Six degrees of separation + email?

A question one would like to think about is whether the small world phenomenon has been changed with the increase usage of the internet. With online communities, the ability to meet people who you have never actually physically met, does this make our world even smaller? Watts and colleagues at Columbia University (New York) conducted an email experiment to find out whether there was any effect [http://www.newscientist.com/article.ns?id=dn4037]. They found on average 5-7 emails had to be sent in order for the subject to be found. This was the sort of results that Milgran found out when he first proposed the experiment, so perhaps the world wide web does not affect the size of the world.

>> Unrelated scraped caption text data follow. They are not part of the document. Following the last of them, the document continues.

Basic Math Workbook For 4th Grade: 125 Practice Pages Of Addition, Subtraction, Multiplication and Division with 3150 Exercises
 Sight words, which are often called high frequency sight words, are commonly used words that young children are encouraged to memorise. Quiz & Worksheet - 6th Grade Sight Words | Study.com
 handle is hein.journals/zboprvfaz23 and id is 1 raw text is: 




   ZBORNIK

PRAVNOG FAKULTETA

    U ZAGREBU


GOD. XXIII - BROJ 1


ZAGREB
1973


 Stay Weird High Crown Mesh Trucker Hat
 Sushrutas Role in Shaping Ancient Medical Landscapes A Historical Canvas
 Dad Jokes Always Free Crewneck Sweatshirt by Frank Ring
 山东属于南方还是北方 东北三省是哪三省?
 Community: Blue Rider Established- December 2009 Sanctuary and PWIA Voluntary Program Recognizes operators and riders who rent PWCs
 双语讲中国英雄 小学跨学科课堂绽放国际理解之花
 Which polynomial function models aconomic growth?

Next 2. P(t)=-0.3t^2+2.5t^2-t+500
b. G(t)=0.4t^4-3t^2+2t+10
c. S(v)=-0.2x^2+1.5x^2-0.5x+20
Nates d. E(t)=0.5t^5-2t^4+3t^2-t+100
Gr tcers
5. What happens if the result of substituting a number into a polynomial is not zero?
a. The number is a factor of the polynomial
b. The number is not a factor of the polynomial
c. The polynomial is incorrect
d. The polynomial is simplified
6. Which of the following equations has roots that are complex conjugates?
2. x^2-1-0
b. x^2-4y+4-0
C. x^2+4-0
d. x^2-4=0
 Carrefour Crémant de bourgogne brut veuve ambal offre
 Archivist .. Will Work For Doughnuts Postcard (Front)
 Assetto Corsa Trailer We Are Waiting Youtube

Thinking about online communities, it is true that we are able to meet more people than we were before. However, as we do not see each other face to face, it is possible that perhaps people do not tell the whole truth of who they are. Someone you were randomly chatting to on an online forum would not be someone you would think about sending the letter to in order to find the subject. I would argue that the world wide web’s impact is not so great as the impact of improved transportation systems around the world. Nowadays, it is possible for someone in China to be connected (through 5-7 steps) to someone in South America without the world wide web. This is just because of the transportation system that allows many people to travel globally. If this experiment were to be done before it was common for people to take airplanes, or even to take ships, the chance of someone in New York being connected to someone in Australia is minimal.